Data to use Start Marker
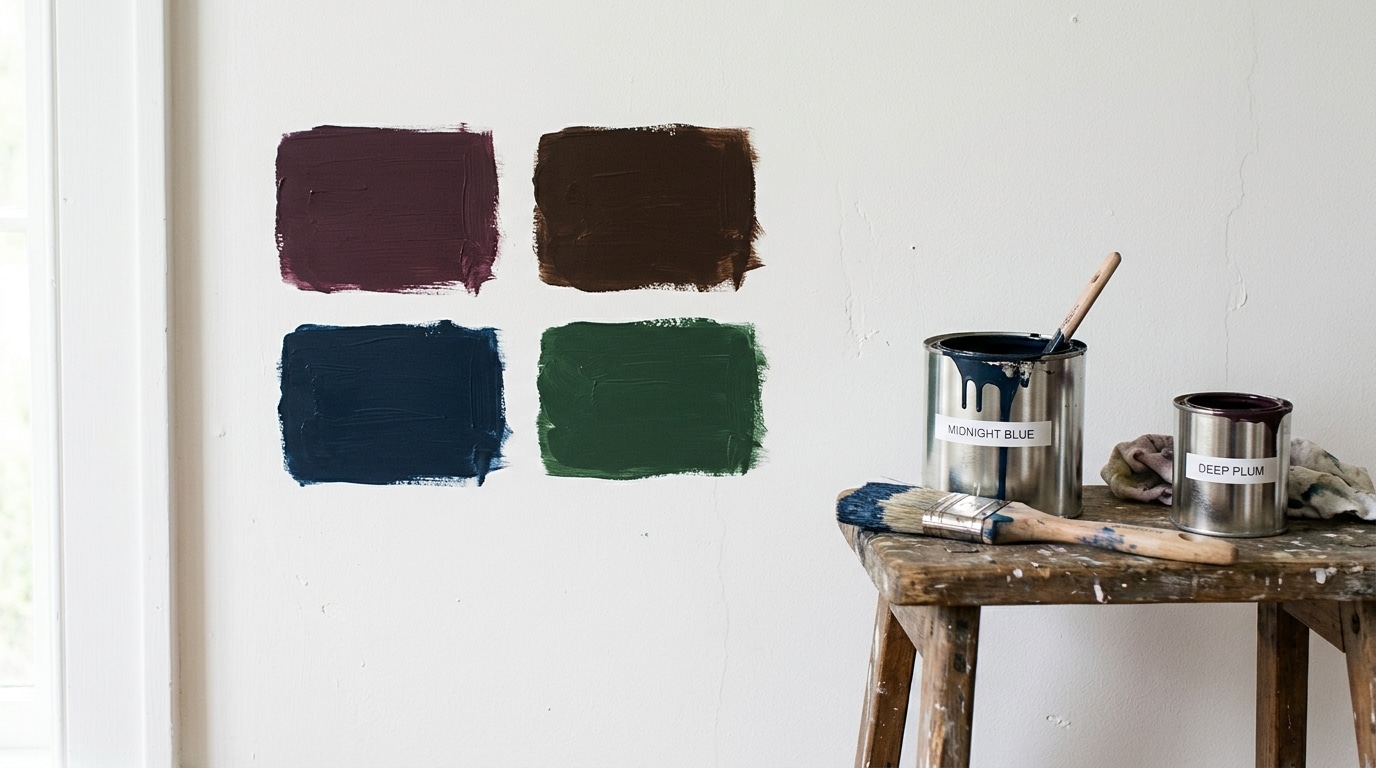 Échantillons de peinture prune, chocolat et bleu nuit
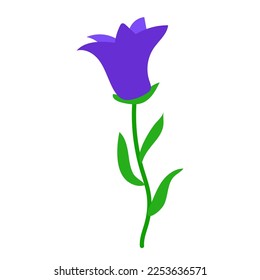 Simple children's drawing of a purple flower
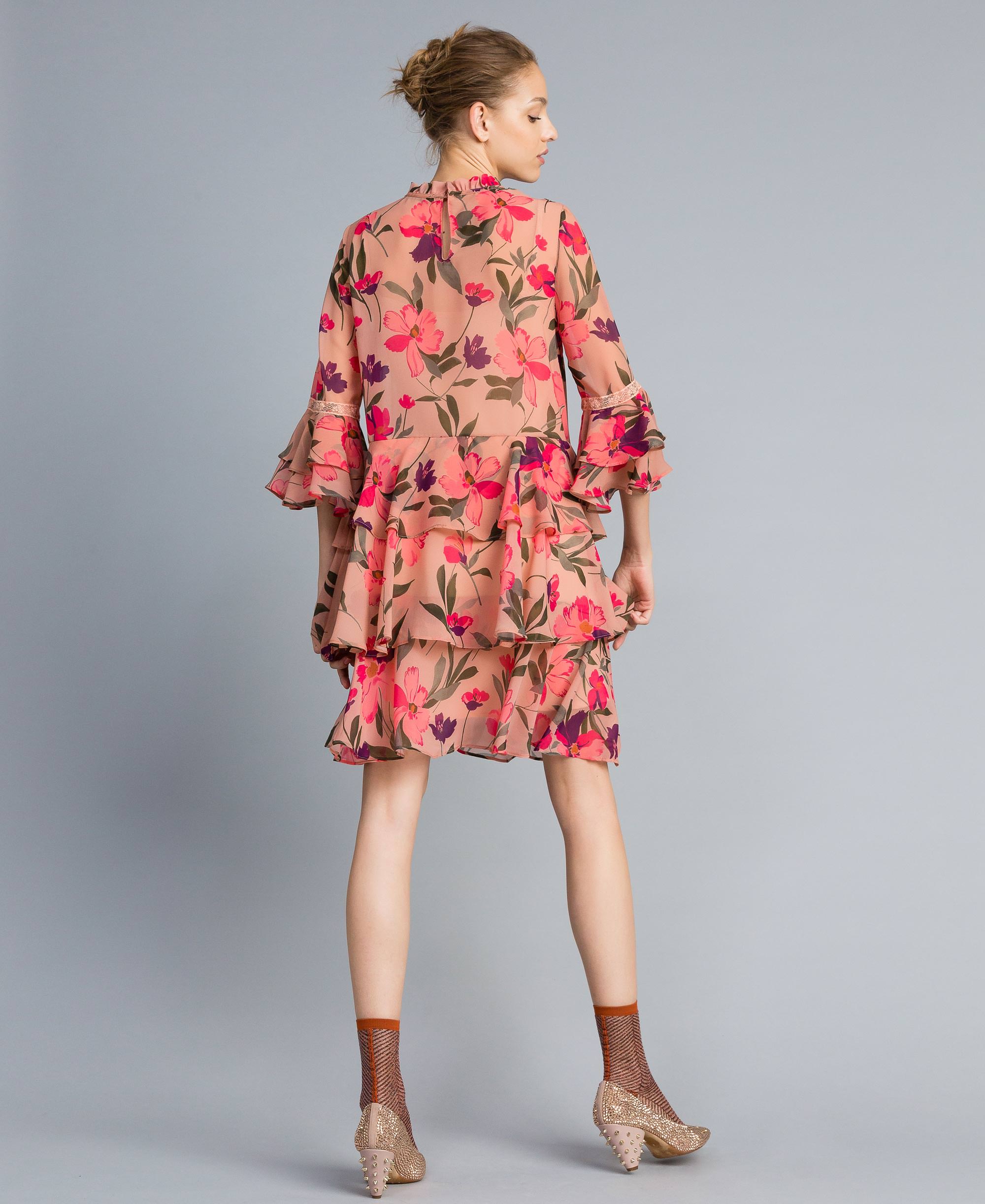 Chiffon dress with floral print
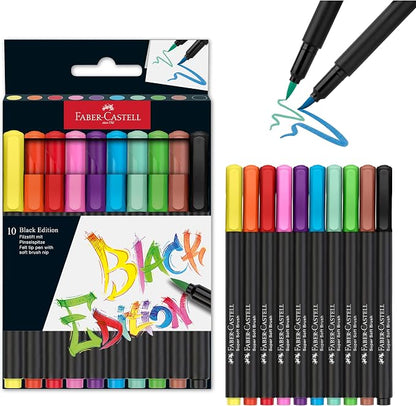 Faber-Castell Black Edition Felt Tip Pens, Soft Brush Nib, 10 Colors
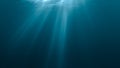 3D rendered illustration of light rays undersea Royalty Free Stock Photo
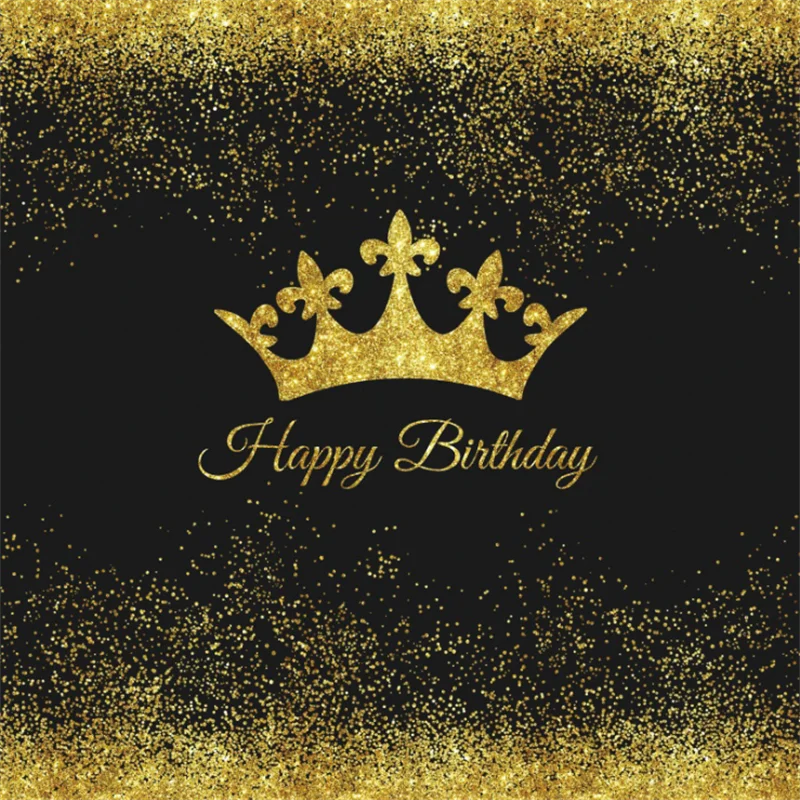 

Happy Birthday Party Bar Mitzvah Sweet 16th 18th Backdrop Golden Glitter Crown Decor Photography Background Custom Banner Studio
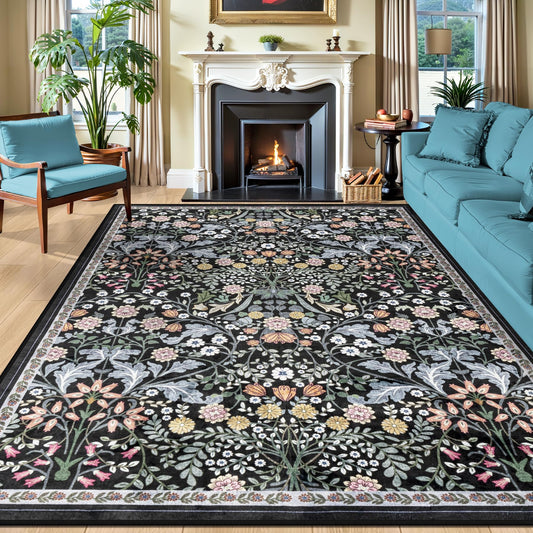 8x10 Area Rugs for Living Room: Floral Washable Rug Vintage Large Soft Boho Non-Slip Carpet Indoor Stain Resistant Low Pile Carpets for Bedroom Dining Room Farmhouse Nursery Home Office Dark Black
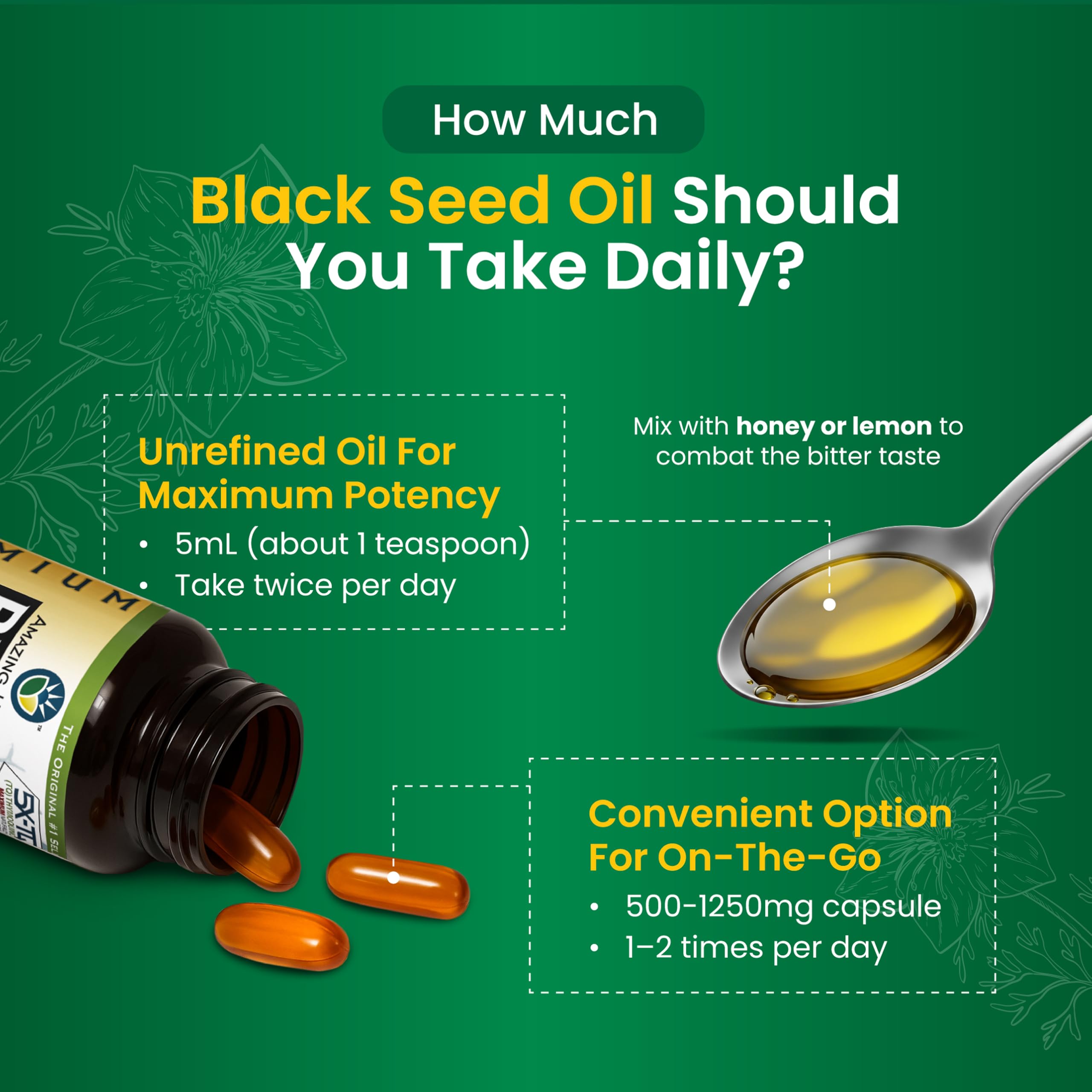 Amazing Herbs Black Seed Oil 257g with organic seeds
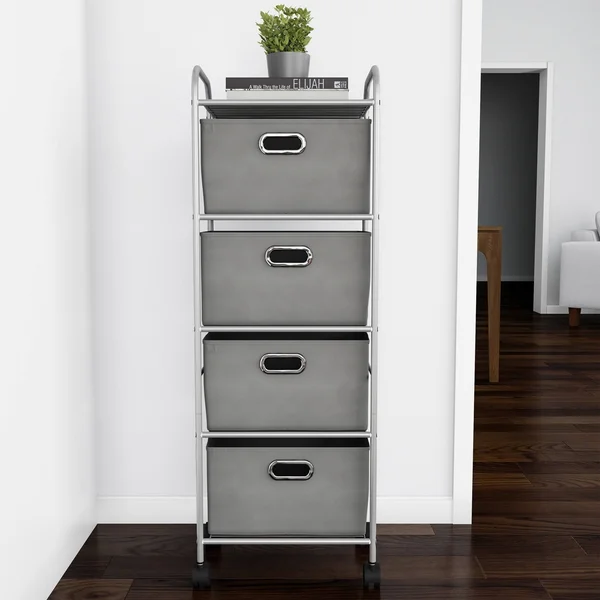 Lavish Home 4 Fabric Drawer Rolling Storage Cart - Grey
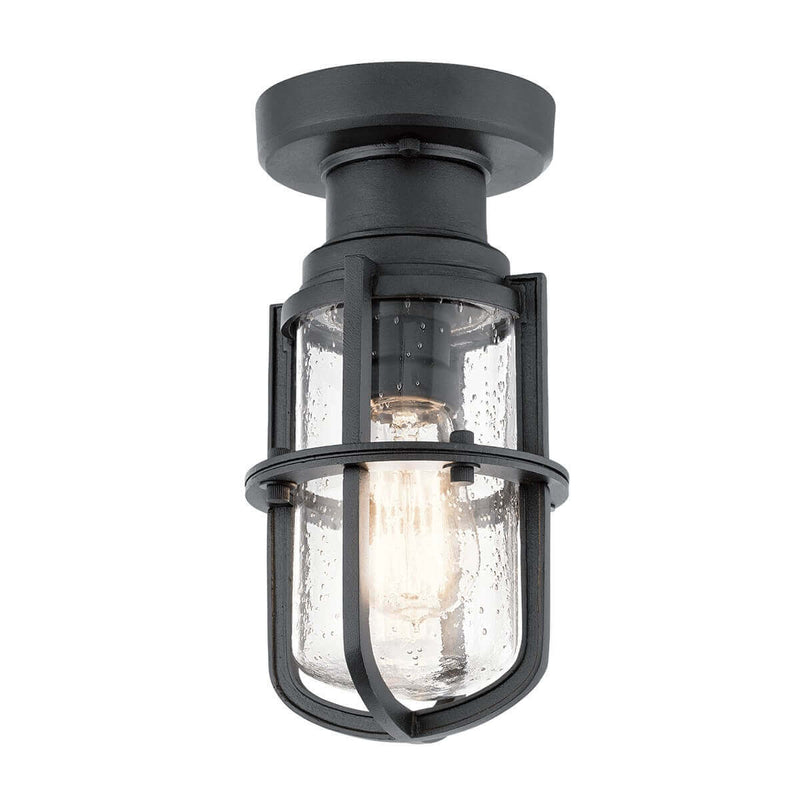 Lampadaire extérieur Suri noir, verre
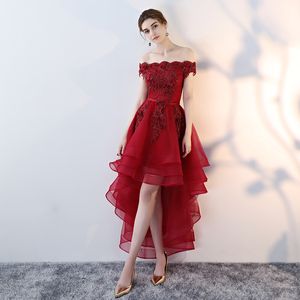 2019 Hoge Low Prom Dresses Red Tulle Off The Shoulder Beaded Lace Applicaties Tiered Hi Lo Avond Feestjurken Formele Wear Corset Back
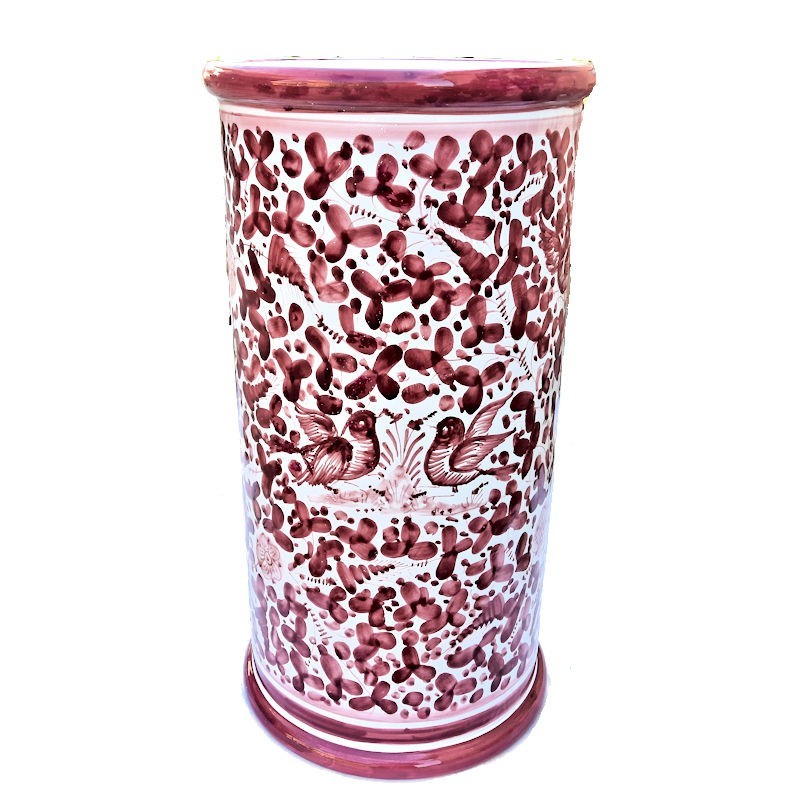 Cylindrical umbrella stand Deruta majolica ceramic hand painted red arabesque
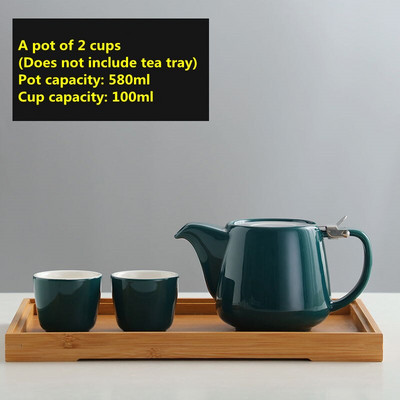 Teáskészlet 580 ml-es porcelán teáskanna, színes, kézzel készített teáskanna 18/8-as rozsdamentes acél fedővel, rendkívül finom infúzióval a levéltea főzéséhez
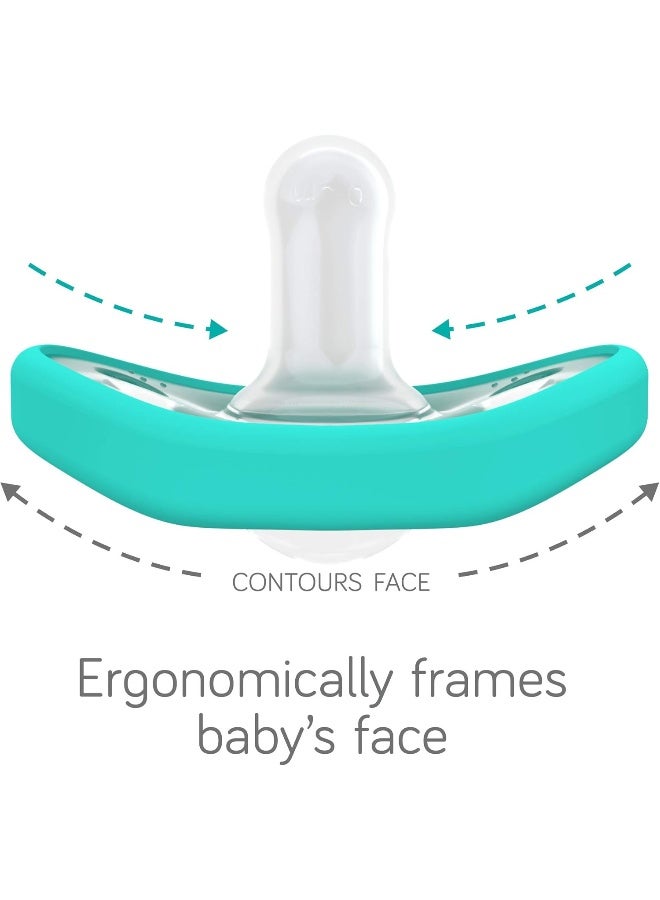 NANOBÃ‰BÃ‰ Nanobebe Baby Pacifiers 0-3 Month - Orthodontic, Curves Comfortably with Face Contour, Award Winning for Breastfeeding Babies, 100% Silicone - BPA Free. Baby Registry Gift 4pk, Teal/Grey - Image 5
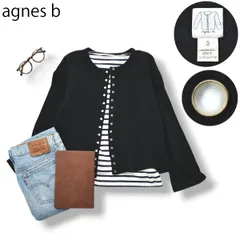 日本製 アニエスベー agnes b スウェット カーディガン プレッション トレーナー パール スナップボタン 裏起毛 3 ブラック フレンチ カジュアル デザイナー モード レディース ♪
Data to use End Marker
Exercise directions: Give back exactly, and solely, the section of the data above bounded by the line containing "2019 Hoge Low" and the line containing "Cylindrical umbrella stand", both bounding lines included and pictures omitted.

Final answer:
 2019 Hoge Low Prom Dresses Red Tulle Off The Shoulder Beaded Lace Applicaties Tiered Hi Lo Avond Feestjurken Formele Wear Corset Back
 Cylindrical umbrella stand Deruta majolica ceramic hand painted red arabesque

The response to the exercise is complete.